Given the amount of work we have before us there was a proposal Monday morning to postpone various reports until after the legislation piece had been completed. Then just a few hours later a group chose to take 30 precious minutes to circumvent the entire conference structure to hear their barely audible chants.
Ironically, just before the Monday afternoon protest began it was announced by Conference leaders that this conference costs $1,386 per minute to operate. So the protest cost us $41,640 and left the body sharply divided. That division was made wider, I believe, when after the protest was finished the leader came back into the hall and tried to outshout Bishop Mike Coyner as he was praying.

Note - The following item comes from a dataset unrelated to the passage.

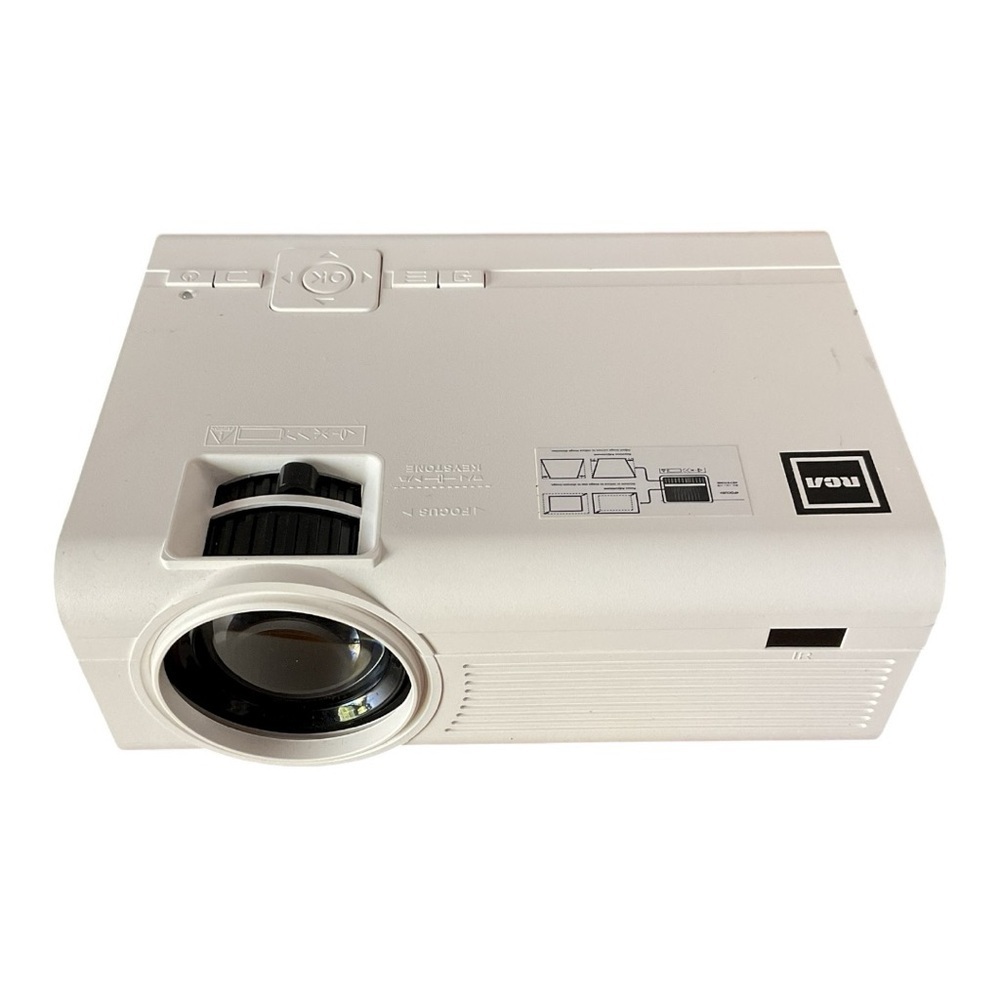 RCA RPJ136 Home Theater Projector – Untested No Cords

And don’t think for a moment that this protest was a spontaneous outpouring of frustration that a few delegates had built up during the morning session. The protest was led by Rev. Pam Lightsey, Associate Dean of the Boston University School of Theology. She is not a delegate to General Conference, but apparently traveled here with the sole goal of disrupting our proceedings. In fact yesterday during the protest she promised to “disrupt this General Conference again and again…”
Now I will readily admit that while I have certainly felt frustration in my life, I have not been on the receiving end of the injustices that African-Americans and members of the LGBTQ community are feeling. I’ve never felt that the establishment was stacked against me.
I have written of my commitment to diversity here in Portland and that hasn’t wavered. But this General Conference is costing $10 million, most of which has its origin in offering plates in local churches. We must be good stewards of the financial and time investment that this conference represents.
Allowing us to be hijacked by protesters interferes with our ability to do so.
Right on Brian
I think being good stewards is important but we cannot place money above hearing and recognizing the cries and pain of our neighbors.
Brian, I am relieved that Dr. Martin Luther King and Rev. Dr. Everett Tilson and Rev. Dr. Van Bogart Dunn would not have agreed with you. There are times and issues that are so critical and people who have been humiliated and rejected and oppressed long enough, that the only way to truly have voice is through protest. Sorry, brother, I can’t agree with you.